TEMPO.CO, Makassar - Volume ekspor kopi arabika dalam bentuk kopi beras dari Sulawesi Selatan pada 2012, hingga November, mencapai 4.300 ton dengan nilai US$ 27 ribu. Jumlah ini naik tajam dibanding volume ekspor pada periode yang sama pada 2011, yakni 1.200 ton.
“Penghitungan yang kami lakukan baru sampai pada November 2012,” kata Wakil Ketua Asosiasi Eksportir Kopi Indonesia (AEKI) Makassar Franky Djamal, Rabu, 16 Januari 2013.
Menurut Franky, sebenarnya eksportir menargetkan angka pengiriman kopi hingga 5.000 ton pada 2012. Namun ia pesimistis target tersebut bisa tercapai meski dikalkulasikan dengan volume yang dicapai hingga Desember.
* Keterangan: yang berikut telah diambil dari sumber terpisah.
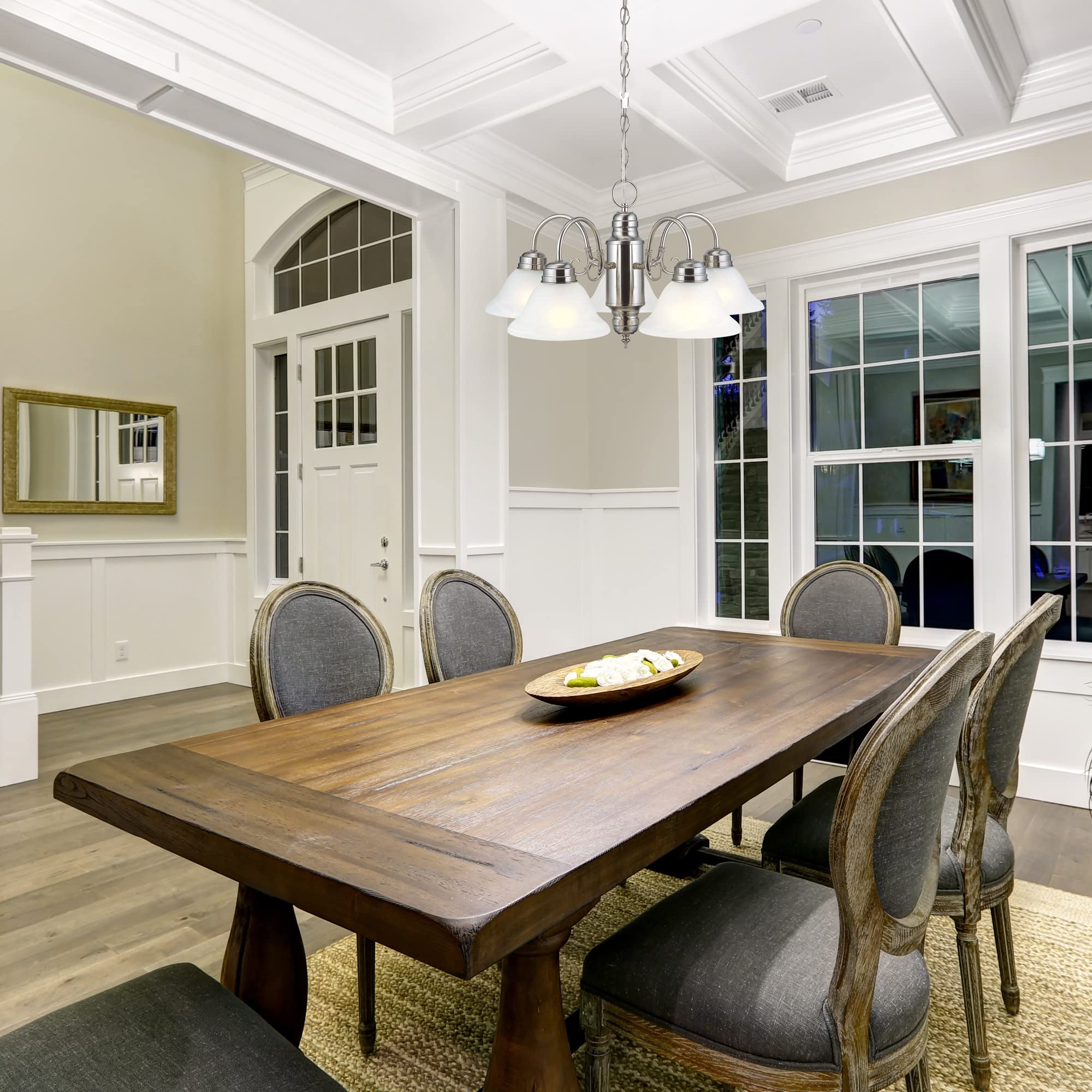 Millbridge 5-Light Chandelier with Alabaster Glass Shades - Dimmable Satin Nickel Finish for Dining Room, Foyer & Kitchen | Elegant Ceiling Lighting Fixture for Home Decor & Dinner Parties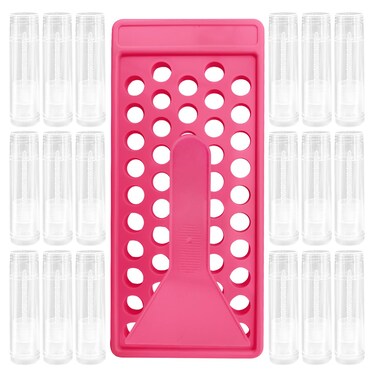 YouFuyi 50 Lip Balm Container Kit with Filling Tray and Spatula Round Tube Refillable Empty Tube 3 Colors 015 oz BPA Free for DIY Homemade Lipstick Lipstick 50 translucent kits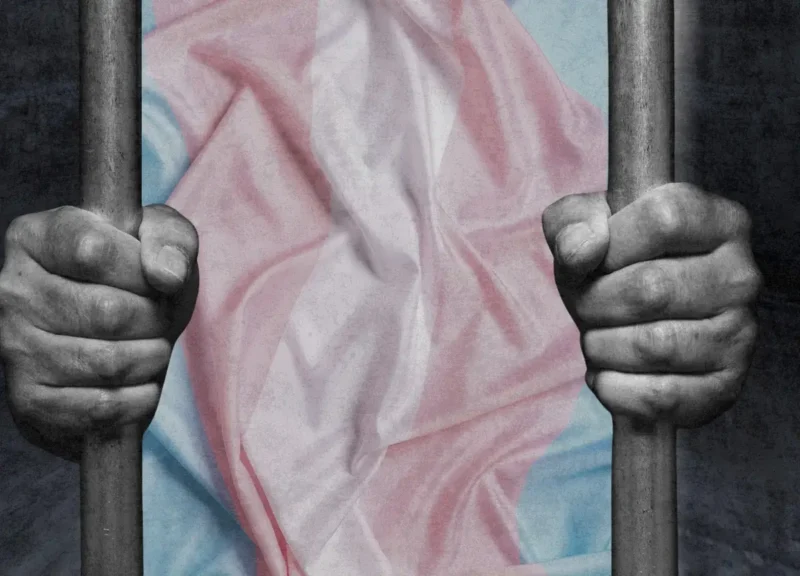 Trans women in prison. Illustration of jail cell bars and a person holding onto bars wearing t-shirt with trans support colors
Rendahnya volume dan nilai ekspor kopi pada 2011, Franky menambahkan, disebabkan oleh cuaca yang tak menentu. Cuaca ekstrem pada awal 2011 membuat banyak tanaman kopi tak berproduksi. Namun hal itu bisa ditutupi oleh produksi yang mulai meningkat sejak memasuki 2012.
Pada 2013, menurut Franky, para eksportir kopi menargetkan peningkatan volume ekspor kopi 25-30 persen dari target tahun sebelumnya, yakni 5.000 ton. Namun, melihat cuaca ekstrem yang masih terjadi pada awal 2013, ia mengatakan eksportir pesimistis target yang ditetapkan bisa tercapai.
Kepala Bidang Pasca-Panen Dinas Perkebunan Sulawesi Selatan Arifin Soemedi menjelaskan, setiap pergantian tahun biasanya disertai dengan hujan deras dan angin kencang yang sangat berpengaruh terhadap tanaman kopi. Awal tahun ini, menurut dia, cuaca lebih ekstrem dibanding sebelumnya. Padahal tanaman kopi sedang berbunga. “Cuaca ekstrem bisa membuat bunganya berjatuhan,” ujarnya.
Beruntung, Arifin melanjutkan, wilayah penghasil kopi di Sulawesi Selatan memiliki cuaca berbeda. Daerah penghasil kopi, seperti Enrekang dan Tana Toraja, baru akan hujan pada Maret-April mendatang. Sedangkan wilayah lainnya di Sulawesi Selatan mulai mengalami musim hujan sejak akhir 2012.